Community: Welshpool (Y Trallwng)
Built-Up Area: Welshpool
Traditional County: Montgomeryshire
The school was opened in June 1951, designed by Herbert Carr, County Architect for Montgomeryshire. The first post-war school to be completed in Welshpool, it was considered to be a model of its type.
The building has a highly unusual plan, with a 'cellular' or 'island' layout in which the 5 classrooms form separate blocks, each with its own cloakroom facilities, connected to the main assembly hall by corridors and covered ways. Built on a steeply sloping site, facing S, the hall with its kitchens and service rooms forms the central block of a rear range parallel to the slope, linked by a covered way to symmetrically planned classroom blocks to either side, and by 2 corridors which run down hill to either side of a central classroom, to connect with 2 further classrooms at the lower end of the site. Buff brick and concrete construction, with steep green tiled roofs. Each classroom has continuous fenestration ( with metal glazing bars) in its S-facing principle elevation, recessed and with the roof carried forward on bold, raking eaves; each is flanked by store-room and cloakroom blocks, expressed externally by their flat roofed construction, and in the lower classrooms forming a continuation of the flat-roofed corridors which run to the rear. The upper classrooms each have French windows - the lower and central classrooms have tall concertina-folding windows. Each of these blocks has an independent entrance (into the cloakroom) - there is no main entrance to the school. Smaller windows set high up in these service blocks and the corridors.

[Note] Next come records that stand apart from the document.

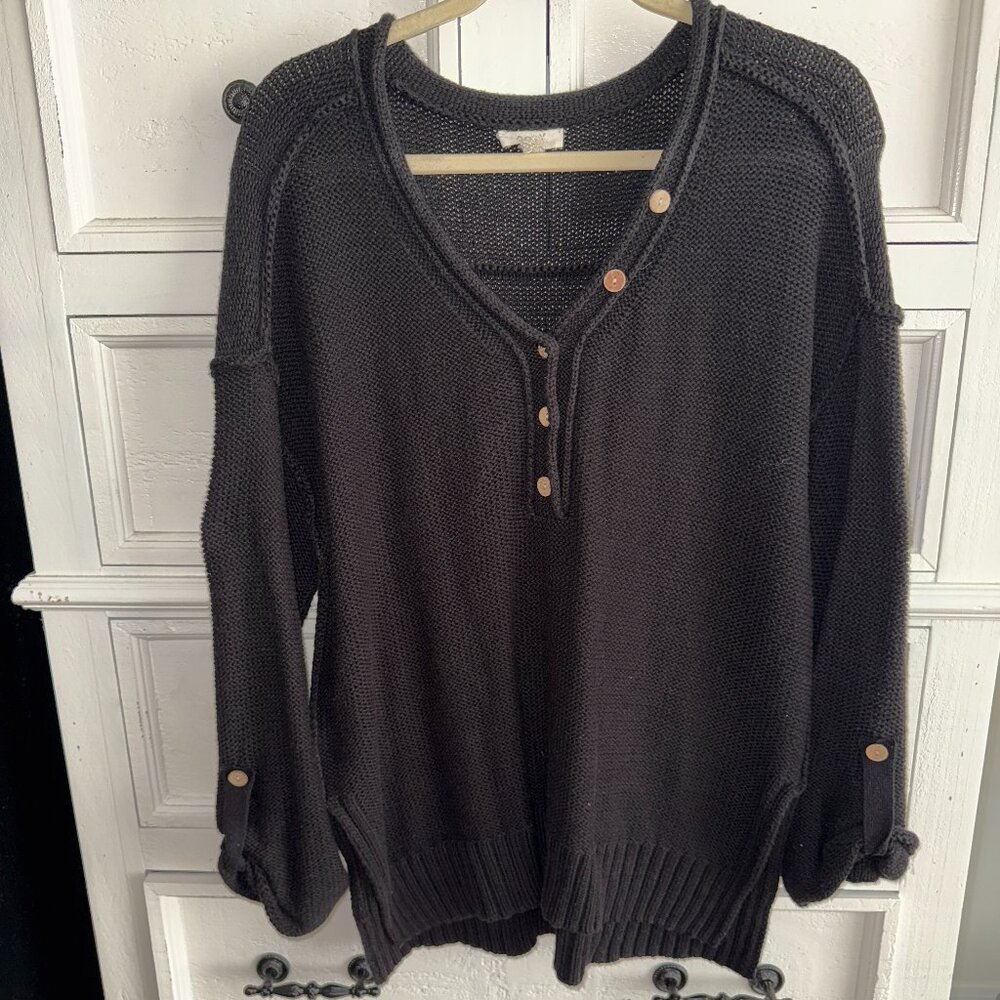 ODDY Discover More Sweater Size: S/M Black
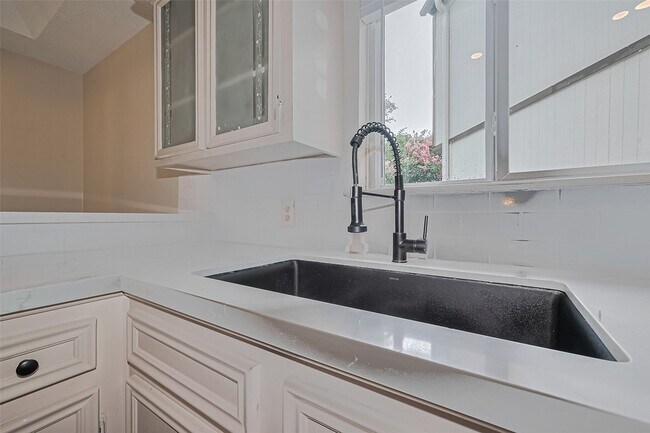 Building Photo - 1940 E Allegro St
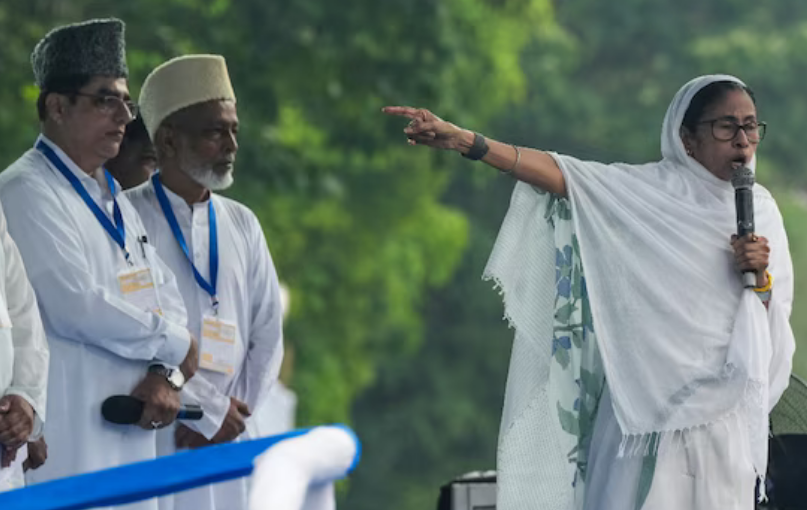 рдордорддрд╛ рдиреЗ рдХрд╣рд╛: рдореЛрджреА рд╕рдмрд╕реЗ рдмрдбрд╝реЗ рдШреБрд╕рдкреИрдард┐рдП рд╣реИрдВ; рдмрдВрдЧрд╛рд▓ рдореЗрдВ рдЕрдШреЛрд╖рд┐рдд рд░рд╛рд╖реНрдЯреНрд░рдкрддрд┐ рд╢рд╛рд╕рди рд▓рд╛рдЧреВ,рдЙрдиреНрд╣реЛрдВрдиреЗ рдЪреЗрддрд╛рд╡рдиреА рджреА рдХрд┐ “рдЬреЛ рд▓реЛрдЧ рдмрдВрдЧрд╛рд▓ рдХреЛ рдирд┐рд╢рд╛рдирд╛ рдмрдирд╛рдПрдВрдЧреЗ, рд╡реЗ рдирд░рдХ рдореЗрдВ рдЬрд╛рдПрдВрдЧреЗ”,рд░рд╛рд╣реБрд▓ рдЧрд╛рдВрдзреА рдФрд░ рдХрд╛рдВрдЧреНрд░реЗрд╕ рдкрд╛рд░реНрдЯреА рдХреЛ BJP рдХреА “B-рдЯреАрдо” рдордорддрд╛ рдиреЗ рдХрд╣рд╛: рдореЛрджреА рд╕рдмрд╕реЗ рдмрдбрд╝реЗ рдШреБрд╕рдкреИрдард┐рдП рд╣реИрдВ; рдмрдВрдЧрд╛рд▓ рдореЗрдВ рдЕрдШреЛрд╖рд┐рдд рд░рд╛рд╖реНрдЯреНрд░рдкрддрд┐ рд╢рд╛рд╕рди рд▓рд╛рдЧреВ,рдЙрдиреНрд╣реЛрдВрдиреЗ рдЪреЗрддрд╛рд╡рдиреА рджреА рдХрд┐ “рдЬреЛ рд▓реЛрдЧ рдмрдВрдЧрд╛рд▓ рдХреЛ рдирд┐рд╢рд╛рдирд╛ рдмрдирд╛рдПрдВрдЧреЗ, рд╡реЗ рдирд░рдХ рдореЗрдВ рдЬрд╛рдПрдВрдЧреЗ”,рд░рд╛рд╣реБрд▓ рдЧрд╛рдВрдзреА рдФрд░ рдХрд╛рдВрдЧреНрд░реЗрд╕ рдкрд╛рд░реНрдЯреА рдХреЛ BJP рдХреА “B-рдЯреАрдо”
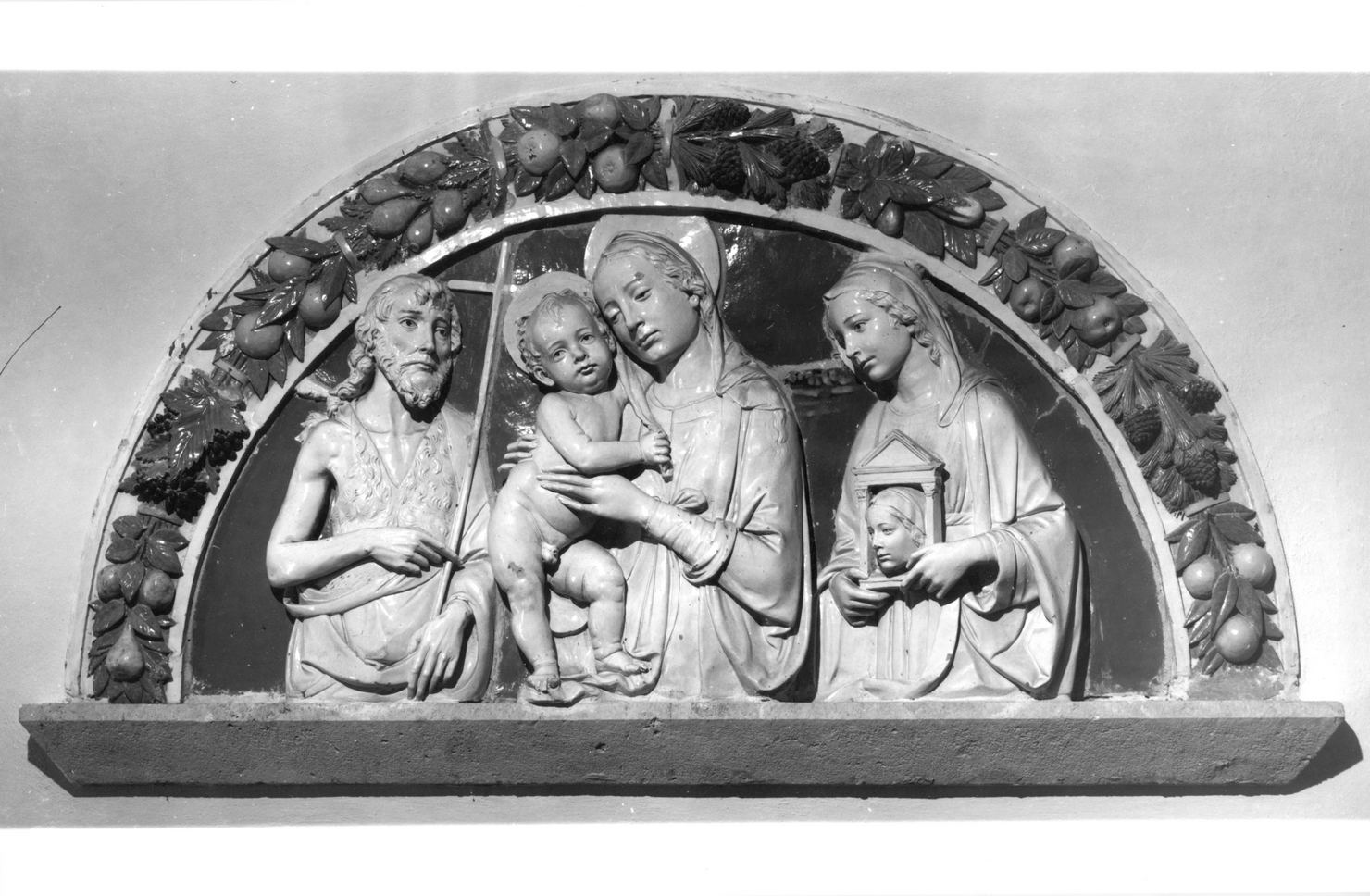 Madonna con Bambino tra San Giovanni Battista e Sant'Antilia (lunetta) di Della Robbia Andrea (e aiuti) (sec. XV)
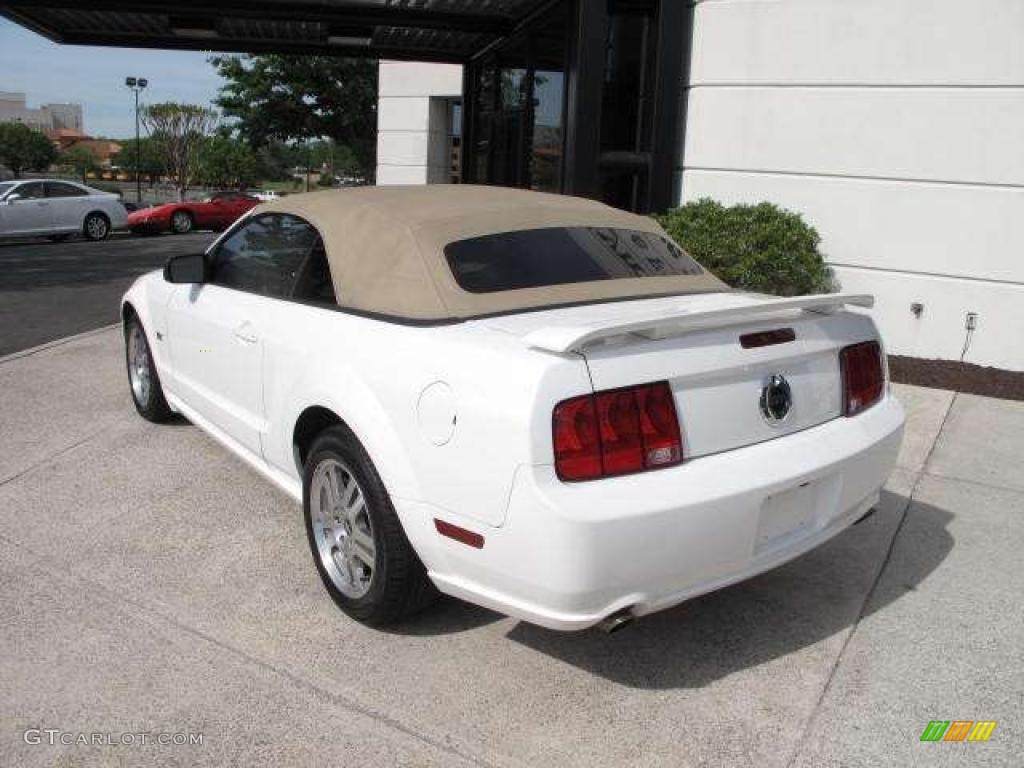 2006 Mustang GT Premium Convertible - Performance White / Light Parchment photo #4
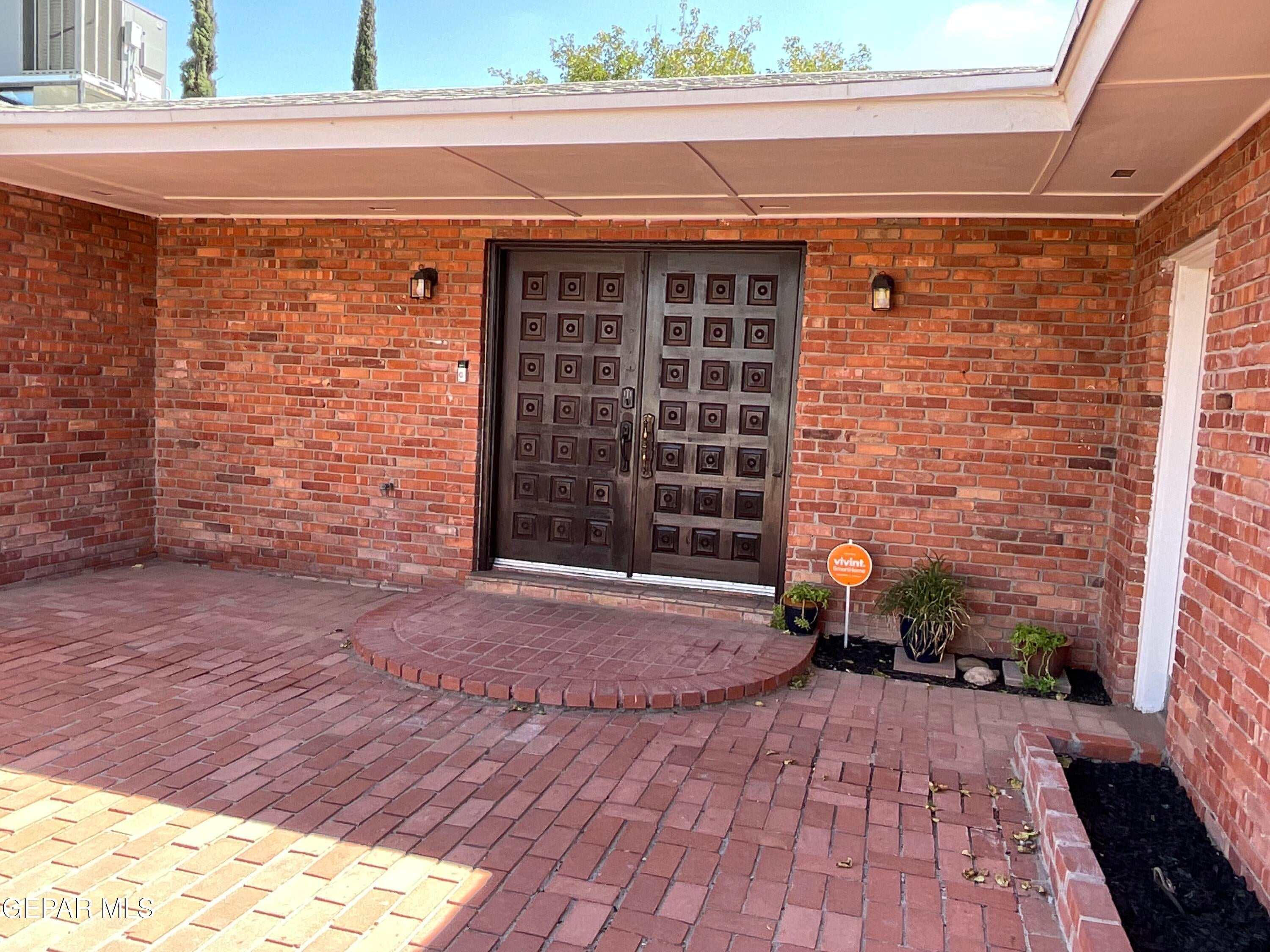 9508 DESERT HILLS Lane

The central classroom is similarly detailed, with cloakrooms and offices on the outer sides of its flanking corridors, and paired glazed-brick windows (lighting the corridors) flanking the recessed main window. The upper classrooms have continuous fenestration in their upper elevations; smaller windows to either side of rear chimney in central classroom, and top lighting (above the corridors) in the lower classrooms - thus providing through lighting and ventilation in each of the blocks. The hall is primarily lit from the rear, with the roof carried forward slightly over the 5 windows (with pivoting openings). Outer paired doors in the S elevation onto the covered way, with 3 windows between them.
The building is simply detailed internally, the rooms characterised by the large areas of window. The plan arrangement in which cloakroom facilities are integral to each classroom block is also a distinctive feature of the layout.
Listed as an exceptionally good example of a school building in the ambitious post-war programme of development in Montgomeryshire: a programme given a strong character through the work of Herbert Carr. Ardwyn School was considered to be a model of innovative planning when it was built and gives lucid architectural expression to the educational ideas which were influential in the early 1950's: in particular, its cellular plan in which each classroom is a self-contained unit, laid out in such a way as to gain maximum use of natural light, ventilation and prospect, is a highly imaginative response to concepts of active learning. The clear separation of the different elements of the building is combined with a dynamic overall composition, using the distinctive architectural vocabulary of Herbert Carr to create a highly original example of an important post-war building type.